Sie können einen Marmeladeerzeuger fragen, was alles in seiner Marmelade ist, aber einen Dichter nicht, was in seiner Dichtung ist.
Moritz Meister
Mit einem Beitrag zum Goethe-Jahr, dem Clavigo als blutiges Schauerdrama, endete die Spielzeit 1981/82 am Schauspielhaus Bochum wenig rühmlich, mit einem weiteren, freilich sehr viel harmloseren Schauerdrama wurde am 1. Oktober 1982 die neue Spielzeit eröffnet: Über allen Gipfeln ist Ruh von Thomas Bernhard, uraufgeführt Ende Juni des gleichen Jahres bei den Ludwigsburger Festspielen in der Inszenierung Alfred Kirchners.
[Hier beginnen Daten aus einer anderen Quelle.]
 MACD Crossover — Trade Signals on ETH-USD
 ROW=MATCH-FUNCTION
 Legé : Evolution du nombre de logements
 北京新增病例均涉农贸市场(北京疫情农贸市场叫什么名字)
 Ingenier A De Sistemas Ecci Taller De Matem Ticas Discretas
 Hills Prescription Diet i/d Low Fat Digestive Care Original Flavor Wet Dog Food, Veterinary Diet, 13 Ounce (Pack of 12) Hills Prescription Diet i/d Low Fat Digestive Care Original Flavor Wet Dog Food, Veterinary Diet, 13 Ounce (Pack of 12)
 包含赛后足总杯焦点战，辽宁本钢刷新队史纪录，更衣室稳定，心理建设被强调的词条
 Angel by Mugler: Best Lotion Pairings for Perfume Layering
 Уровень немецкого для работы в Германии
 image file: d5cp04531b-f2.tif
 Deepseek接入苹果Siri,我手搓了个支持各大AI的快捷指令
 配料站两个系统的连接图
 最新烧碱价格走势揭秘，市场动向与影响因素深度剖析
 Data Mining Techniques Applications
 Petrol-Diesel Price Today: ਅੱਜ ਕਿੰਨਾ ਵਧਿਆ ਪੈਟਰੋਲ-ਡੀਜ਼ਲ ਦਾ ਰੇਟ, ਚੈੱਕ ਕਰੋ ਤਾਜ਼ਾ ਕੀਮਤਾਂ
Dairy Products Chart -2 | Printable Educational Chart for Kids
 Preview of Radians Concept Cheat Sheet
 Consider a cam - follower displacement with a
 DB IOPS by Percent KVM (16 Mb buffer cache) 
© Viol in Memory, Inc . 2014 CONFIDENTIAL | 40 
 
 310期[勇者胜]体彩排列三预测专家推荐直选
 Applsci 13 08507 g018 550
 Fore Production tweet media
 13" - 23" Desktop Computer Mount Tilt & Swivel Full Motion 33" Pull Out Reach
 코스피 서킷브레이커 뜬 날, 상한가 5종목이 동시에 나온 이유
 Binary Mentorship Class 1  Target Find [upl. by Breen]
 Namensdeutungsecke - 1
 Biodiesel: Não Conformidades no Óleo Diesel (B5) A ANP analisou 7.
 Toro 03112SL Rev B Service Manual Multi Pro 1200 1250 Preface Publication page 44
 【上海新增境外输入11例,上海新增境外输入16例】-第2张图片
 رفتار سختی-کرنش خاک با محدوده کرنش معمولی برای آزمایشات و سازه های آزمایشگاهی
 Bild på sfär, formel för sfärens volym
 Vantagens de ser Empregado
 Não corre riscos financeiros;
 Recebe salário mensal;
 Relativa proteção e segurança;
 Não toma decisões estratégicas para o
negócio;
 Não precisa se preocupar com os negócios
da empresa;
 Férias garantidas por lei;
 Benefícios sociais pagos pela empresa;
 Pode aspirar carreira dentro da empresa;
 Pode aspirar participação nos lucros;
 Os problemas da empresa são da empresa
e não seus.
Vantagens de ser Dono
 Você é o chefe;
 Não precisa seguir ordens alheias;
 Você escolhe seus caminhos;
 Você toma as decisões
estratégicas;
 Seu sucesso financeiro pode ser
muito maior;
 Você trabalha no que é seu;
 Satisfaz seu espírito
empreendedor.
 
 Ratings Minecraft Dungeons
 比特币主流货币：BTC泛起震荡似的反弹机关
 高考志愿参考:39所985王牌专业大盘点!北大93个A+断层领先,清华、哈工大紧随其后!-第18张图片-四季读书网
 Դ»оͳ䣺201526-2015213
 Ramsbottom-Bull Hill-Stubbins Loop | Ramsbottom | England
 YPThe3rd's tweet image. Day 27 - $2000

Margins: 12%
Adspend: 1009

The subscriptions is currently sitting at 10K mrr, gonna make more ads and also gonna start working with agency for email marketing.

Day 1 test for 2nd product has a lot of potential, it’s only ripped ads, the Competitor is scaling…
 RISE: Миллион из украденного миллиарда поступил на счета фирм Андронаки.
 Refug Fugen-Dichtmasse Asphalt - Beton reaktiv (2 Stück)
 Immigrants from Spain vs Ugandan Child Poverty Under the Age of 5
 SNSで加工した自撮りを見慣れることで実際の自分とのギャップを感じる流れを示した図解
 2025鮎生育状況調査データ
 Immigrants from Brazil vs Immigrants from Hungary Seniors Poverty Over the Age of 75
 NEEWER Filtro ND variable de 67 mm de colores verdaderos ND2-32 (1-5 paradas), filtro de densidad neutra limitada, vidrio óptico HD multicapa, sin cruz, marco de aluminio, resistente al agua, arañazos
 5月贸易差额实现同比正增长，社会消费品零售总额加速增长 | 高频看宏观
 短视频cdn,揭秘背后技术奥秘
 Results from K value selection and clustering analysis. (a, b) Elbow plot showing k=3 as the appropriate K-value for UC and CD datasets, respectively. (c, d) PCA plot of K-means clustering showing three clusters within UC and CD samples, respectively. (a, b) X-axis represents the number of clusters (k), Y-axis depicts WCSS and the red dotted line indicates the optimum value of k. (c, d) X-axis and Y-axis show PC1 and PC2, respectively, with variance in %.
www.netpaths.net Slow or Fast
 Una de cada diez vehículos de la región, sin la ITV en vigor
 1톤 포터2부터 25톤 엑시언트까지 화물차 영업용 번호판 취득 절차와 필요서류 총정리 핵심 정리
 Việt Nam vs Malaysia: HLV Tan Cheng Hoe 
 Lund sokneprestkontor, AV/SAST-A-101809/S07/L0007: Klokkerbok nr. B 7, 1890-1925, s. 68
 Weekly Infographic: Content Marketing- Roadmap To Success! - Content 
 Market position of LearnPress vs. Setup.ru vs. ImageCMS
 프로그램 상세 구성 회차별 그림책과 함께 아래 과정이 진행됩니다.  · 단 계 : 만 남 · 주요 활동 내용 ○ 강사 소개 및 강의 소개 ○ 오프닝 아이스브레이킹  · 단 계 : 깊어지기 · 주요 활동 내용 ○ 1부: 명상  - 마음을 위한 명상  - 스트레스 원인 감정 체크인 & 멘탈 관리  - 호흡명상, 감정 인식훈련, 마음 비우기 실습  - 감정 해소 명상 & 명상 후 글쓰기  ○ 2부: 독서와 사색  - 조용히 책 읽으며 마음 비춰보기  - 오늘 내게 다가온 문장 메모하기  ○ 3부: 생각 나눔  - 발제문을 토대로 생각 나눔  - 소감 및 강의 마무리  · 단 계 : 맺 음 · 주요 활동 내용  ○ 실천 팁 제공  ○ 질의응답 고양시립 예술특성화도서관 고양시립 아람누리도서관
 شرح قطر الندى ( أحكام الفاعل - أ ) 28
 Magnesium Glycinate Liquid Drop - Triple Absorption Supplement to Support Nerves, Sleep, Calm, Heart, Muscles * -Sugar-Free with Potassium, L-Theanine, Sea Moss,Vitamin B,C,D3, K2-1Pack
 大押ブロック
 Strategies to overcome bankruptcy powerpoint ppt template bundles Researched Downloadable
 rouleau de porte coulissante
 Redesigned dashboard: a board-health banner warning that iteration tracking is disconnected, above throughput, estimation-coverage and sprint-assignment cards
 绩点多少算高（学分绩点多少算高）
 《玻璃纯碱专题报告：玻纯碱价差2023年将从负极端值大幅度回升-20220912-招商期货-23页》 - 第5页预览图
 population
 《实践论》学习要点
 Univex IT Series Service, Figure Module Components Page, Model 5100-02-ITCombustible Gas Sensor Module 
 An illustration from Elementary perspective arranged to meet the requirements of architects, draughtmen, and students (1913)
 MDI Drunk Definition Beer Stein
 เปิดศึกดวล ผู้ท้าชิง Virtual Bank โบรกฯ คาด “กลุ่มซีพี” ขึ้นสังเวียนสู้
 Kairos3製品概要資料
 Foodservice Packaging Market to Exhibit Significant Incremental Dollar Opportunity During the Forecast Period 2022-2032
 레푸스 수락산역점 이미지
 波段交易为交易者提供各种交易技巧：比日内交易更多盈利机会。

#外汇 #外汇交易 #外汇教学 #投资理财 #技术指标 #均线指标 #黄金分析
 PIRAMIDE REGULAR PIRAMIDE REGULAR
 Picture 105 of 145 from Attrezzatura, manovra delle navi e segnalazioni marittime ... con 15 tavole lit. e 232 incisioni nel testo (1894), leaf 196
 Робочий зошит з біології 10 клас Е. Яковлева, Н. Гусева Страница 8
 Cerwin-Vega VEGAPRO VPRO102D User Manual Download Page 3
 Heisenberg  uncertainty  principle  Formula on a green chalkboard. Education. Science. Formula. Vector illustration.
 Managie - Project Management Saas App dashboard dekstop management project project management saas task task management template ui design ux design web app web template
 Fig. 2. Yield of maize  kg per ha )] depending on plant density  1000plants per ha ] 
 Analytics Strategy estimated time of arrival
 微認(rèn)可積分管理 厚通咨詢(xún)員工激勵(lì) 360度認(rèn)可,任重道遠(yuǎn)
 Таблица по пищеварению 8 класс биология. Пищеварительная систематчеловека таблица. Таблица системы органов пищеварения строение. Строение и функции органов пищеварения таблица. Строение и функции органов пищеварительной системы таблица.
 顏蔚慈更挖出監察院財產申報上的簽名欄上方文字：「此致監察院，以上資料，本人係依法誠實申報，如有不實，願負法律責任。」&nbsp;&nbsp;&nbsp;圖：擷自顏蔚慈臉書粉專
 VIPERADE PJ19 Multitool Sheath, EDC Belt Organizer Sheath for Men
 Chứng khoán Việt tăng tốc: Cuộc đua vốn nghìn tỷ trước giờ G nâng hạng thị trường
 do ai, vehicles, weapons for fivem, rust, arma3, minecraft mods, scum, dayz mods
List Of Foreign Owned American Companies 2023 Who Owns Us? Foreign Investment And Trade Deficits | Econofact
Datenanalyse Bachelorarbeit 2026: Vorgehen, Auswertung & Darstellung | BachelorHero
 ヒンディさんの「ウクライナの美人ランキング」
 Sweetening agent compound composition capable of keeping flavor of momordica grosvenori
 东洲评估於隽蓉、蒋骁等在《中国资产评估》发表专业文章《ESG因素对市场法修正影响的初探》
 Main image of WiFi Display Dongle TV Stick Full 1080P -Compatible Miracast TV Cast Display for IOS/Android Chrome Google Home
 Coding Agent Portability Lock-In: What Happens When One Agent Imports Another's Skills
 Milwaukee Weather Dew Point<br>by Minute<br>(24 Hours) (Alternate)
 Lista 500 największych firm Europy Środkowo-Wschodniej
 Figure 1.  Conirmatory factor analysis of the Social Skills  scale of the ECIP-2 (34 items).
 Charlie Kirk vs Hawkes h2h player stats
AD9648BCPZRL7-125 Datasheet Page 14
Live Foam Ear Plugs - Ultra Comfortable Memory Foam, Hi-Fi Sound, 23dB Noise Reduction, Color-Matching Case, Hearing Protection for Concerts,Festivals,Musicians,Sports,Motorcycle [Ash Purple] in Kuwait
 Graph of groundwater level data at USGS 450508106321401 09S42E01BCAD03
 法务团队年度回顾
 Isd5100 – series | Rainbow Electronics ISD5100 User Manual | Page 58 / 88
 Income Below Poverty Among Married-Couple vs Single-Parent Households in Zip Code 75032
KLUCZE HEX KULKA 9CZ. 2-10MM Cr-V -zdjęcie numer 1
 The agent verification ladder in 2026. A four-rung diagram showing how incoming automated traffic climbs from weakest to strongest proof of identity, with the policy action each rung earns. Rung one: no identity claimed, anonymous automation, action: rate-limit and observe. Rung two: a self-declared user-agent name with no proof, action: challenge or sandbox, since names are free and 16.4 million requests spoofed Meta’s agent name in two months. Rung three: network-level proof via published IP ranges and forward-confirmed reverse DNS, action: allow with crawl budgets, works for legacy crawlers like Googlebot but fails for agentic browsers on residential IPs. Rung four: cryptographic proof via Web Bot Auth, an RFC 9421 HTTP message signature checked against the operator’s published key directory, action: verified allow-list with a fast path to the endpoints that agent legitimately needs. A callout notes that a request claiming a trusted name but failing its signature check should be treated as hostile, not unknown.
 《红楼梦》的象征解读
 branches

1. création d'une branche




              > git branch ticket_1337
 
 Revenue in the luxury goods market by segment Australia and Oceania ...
Da sage noch einer, dem Thomas Bernhard fiele nichts Neues mehr ein. Zwar steht schon seit Immanuel Kant (1978) immer der gleiche Typus des philosophischen Schriftstellers oder des schriftstellernden Philosophen im Mittelpunkt seiner Stücke, aber heuer steht nicht eine stumme, leidende Dienerin dem Monstrum gegenüber, wie Edith Heerdegen dem Weltverbesserer Bernhard Minetti.
Sondern Moritz Meister, der sabbelnde Goethe-Verehrer und, so Bernhard, Goethe-Epigone, hat seine Meisterin gefunden in seiner Gattin Anne. Und so quasseln Traugott Buhre als ein selbstgefälliger Dichterfürst und Anneliese Römer als seine unbedarfte Gattin über Gott und die Welt, über die Kunst und das Dichten insbesondere, über Bienenzucht und Archäologie.
Denn Moritz Meister lebt in gutbürgerlichen Verhältnissen (wie der Geheimrat Johann Wolfgang von Goethe?), ist anerkannt, ja umschwärmt von typischen Vertretern des deutschen Bildungsbürgertums (ganz wie der Weimaraner?), personifiziert in einem Redakteur (Johann Adam Oest) und in einer Doktorandin (Angela Schmid). Moritz Meister schwadroniert über alles und nichts und dilettiert in Archäologie und Bienenzucht.
Ein Dichtertag um 1980, so der Untertitel, soll das Stück darstellen, es könnte einer um die Jahrhundertwende, vielleicht bis in die frühen Zwanziger Jahre sein. Aber dann hätte Bernhard u.a. auf unseren Bundespräsidenten Carstens verzichten müssen, und das hätte dem Bochumer Intendanten Claus Peymann wiederum nicht ins ideologische Konzept gepaßt.
Über allen Gipfeln ist Ruh ist mit Bernhard-Stücken wie Die Macht der Gewohnheit oder Die Jagdgesellschaft, zu deren Uraufführungen man ganz selbstverständlich ins Berliner Schiller-Theater pilgerte, nicht zu vergleichen. Bernhards Philippiken auf den Faschismus in uns, auf Dichter, Dichtung und ihre Vermarktung werden mit der Zeit stumpf. Nach zwanzig Minuten weiß man, wie alles endet. Weshalb die gut drei Stunden kaum enden wollen, trotz des Bochumer Schauspieleraufgebotes, zu dem auch Tana Schanzara als Hausgehilfin, Till Hoffmann als Briefträger und Wolfgang Höper als Verleger gehören.
In einigen Kritiken war anschließend nicht nur ganz richtig von plattem Boulevard die Rede, sondern von faschistischem Boden. Da wird sehr leichtfertig mit Vokabeln umgegangen, da halte ich es eher mit der Zeit: Ein Gruppenbild sanfter Idioten. Immerhin: Hermann Beils Programmheft beinhaltet nicht nur den Text des Stücks, sondern auch jede Menge Preis-Reden Thomas Bernhards. Und die sind wirklich ein Gedicht!